2. Add the thyme and shallot and cook for 1 minute more until the shallot is just softened.
3. Add the beans and cook, stirring occasionally, for 5 minutes.
4. Add a healthy pinch of sea salt, a few grinds of pepper and the vinegar and cook for 5 minutes more.
5. Season with additional salt and pepper to taste.


Roasted Asparagus
serves 4 as a side, takes 15 minutes

1 pound asparagus
1 tbsp olive oil or olive oil spray
fine sea salt
freshly ground black pepper

1. Preheat the oven to 500 degrees and prepare a cookie sheet by covering it with foil.
2. Rinse, drain and trim the bottom ends of the asparagus. The "snap off the end at the weakest point" thing is a myth. Just chop about an inch and a half off the bottom. If they're late season and very thick, you may want to peel them. Place them on the cookie sheet.
3. Sprinkle olive oil or spray the asparagus.
4. Add a generous pinch of salt and a few grinds of black pepper. Shake to coat.
5. Roast in the oven for 8-10 minutes depending on the thickness of your asparagus.

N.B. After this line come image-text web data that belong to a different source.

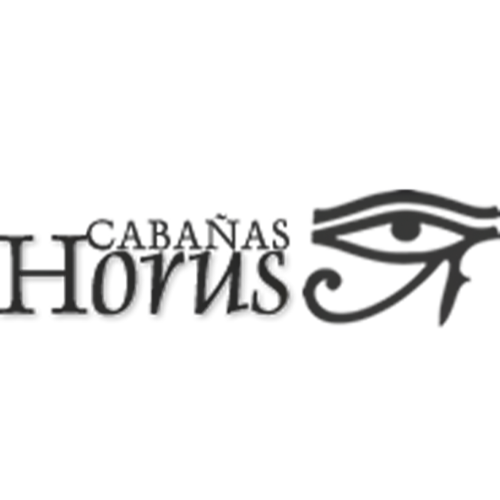 Cabañas en Merlo San Luis - Horus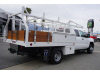 2019 Chevrolet Silverado 3500HD Work Truck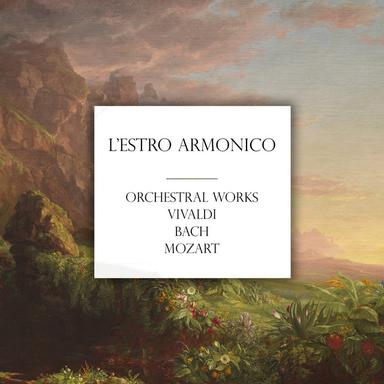 The London Sketchbook, K. 15a-ss (Orch. Smith): Presto in B-Flat Major, K. 15ll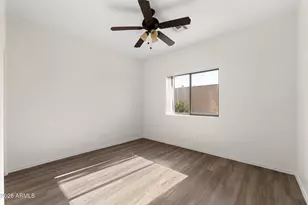 2723 E Schiliro Cir, Phoenix, AZ 85032 - Photo 24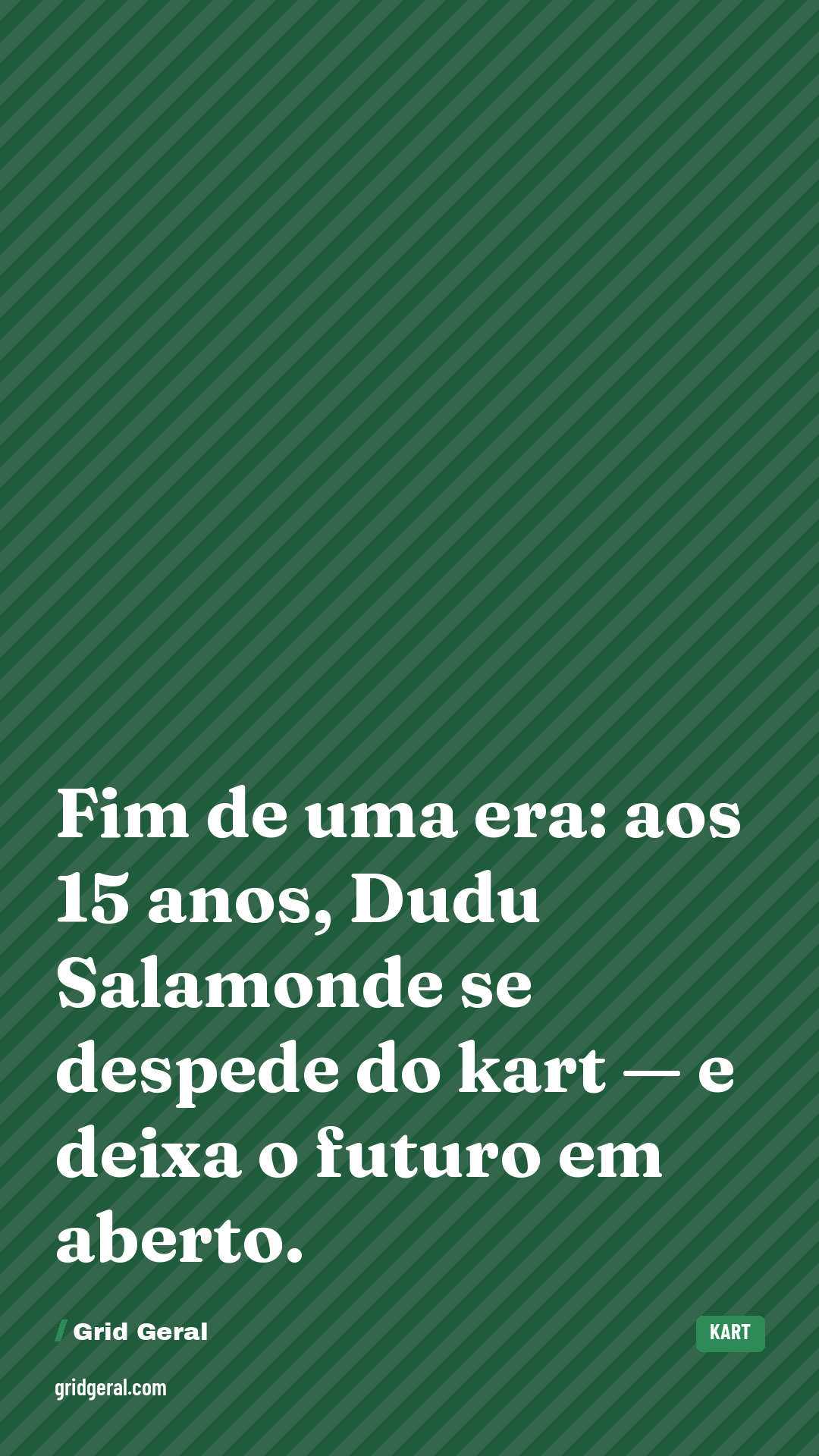 Card 1 de 5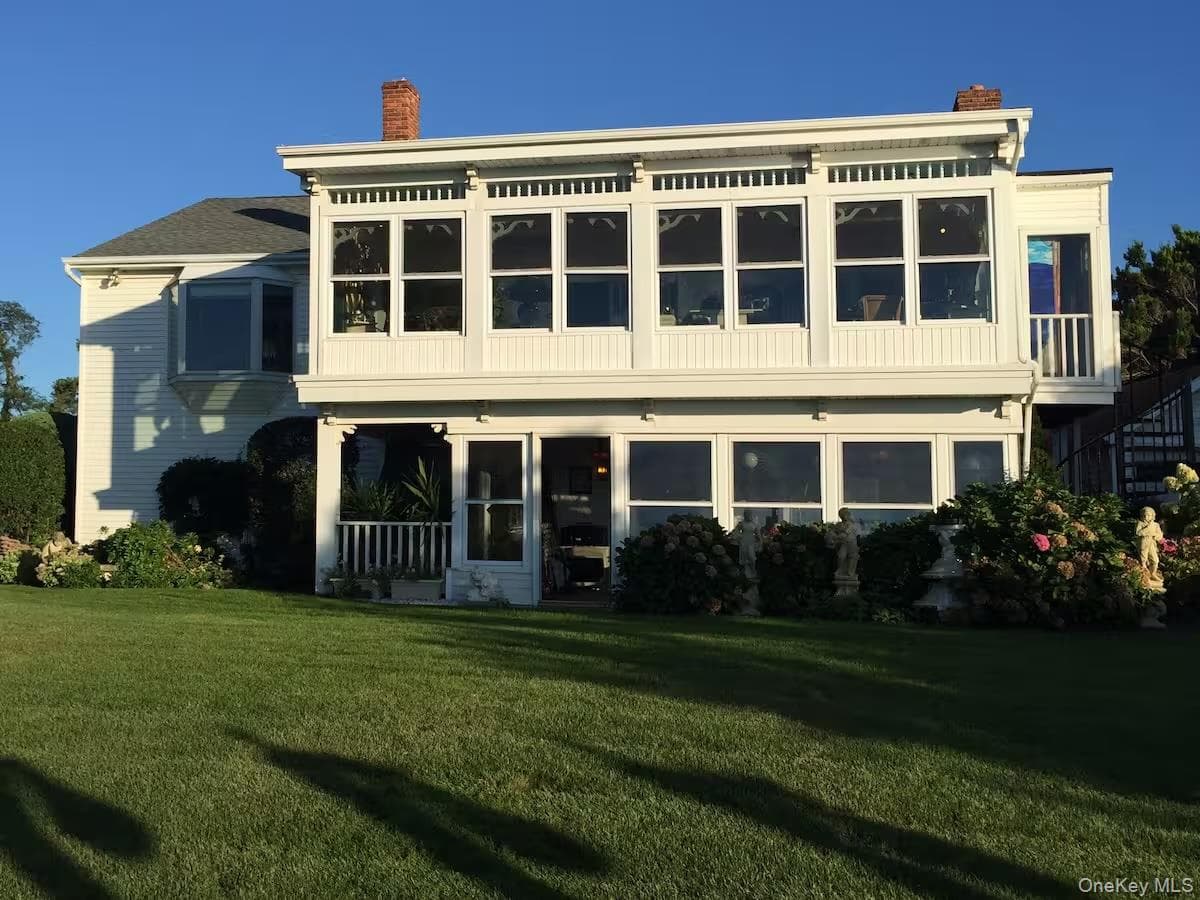 795 Glen Court thumbnail 21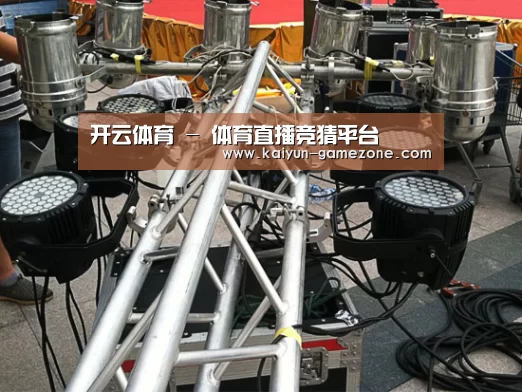 产品名称八(图1)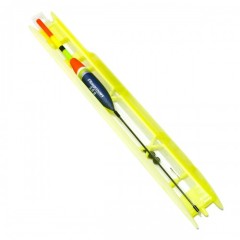 Поплавочная оснастка Flagman TF1069 2гр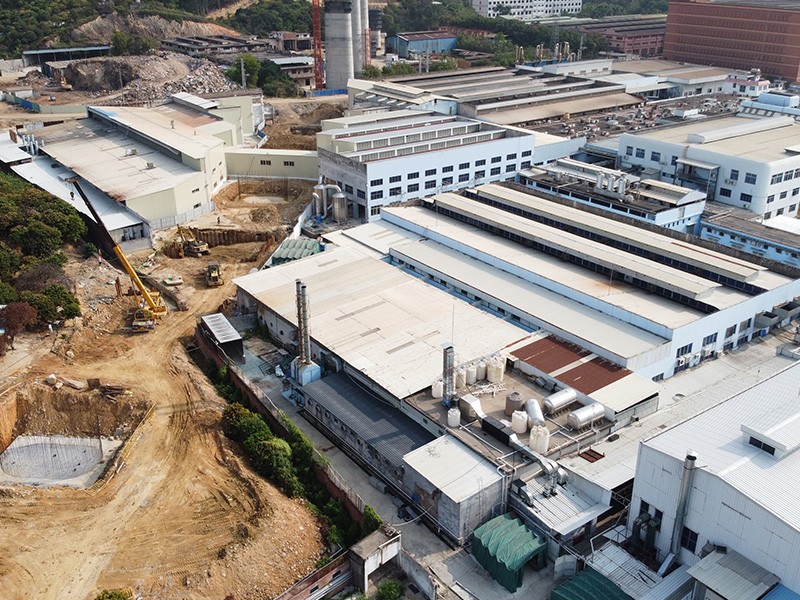 赣深高铁中铁十九局跨厂世界杯投注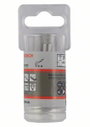 Bosch Accessories Dry Speed 2608599041 Gyémánt szárazfúró 10 mm 1 db 2. bélyegkép
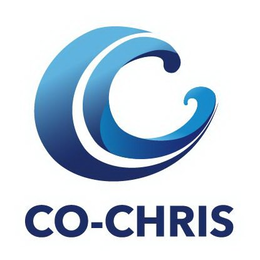 C CO-CHRIS trademark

Stop by again next Monday when I review Delphine Dryden's newest book, Mai Tai for 2 and give you the recipe for this Chocolate Macadamia Tart with Coconut Whipped Cream. The book was great and this tart will be the best thing you've ever eaten. Seriously.

1 comment:

  1. I also loved most of Laura Kinsale's books. She was way ahead of her time in creating deeply damaged and vulnerable heroes who needed a great deal of TLC to redeem them. The damaged heroes in most old school romances overcompensated by being violent alpholes. Have you read Shadowheart? I never did, since the plot did not appeal to me. I have heard that it was not well-received and that it was rapey, which surprised and alienated many of Kinsale's fans. One reviewer on Amazon pointed out that there was very little of the hero's POV, which is also unusual for Kinsale. I eagerly read her Lessons in French when it came out a few years ago, but I was a bit disappointed. I don't know if my tastes have changed, or if there are just so many authors who have been influenced by Kinsale that her heroes no longer seem as special. Flowers from the Storm is probably my favorite of hers. I re-read it several years ago and still loved it.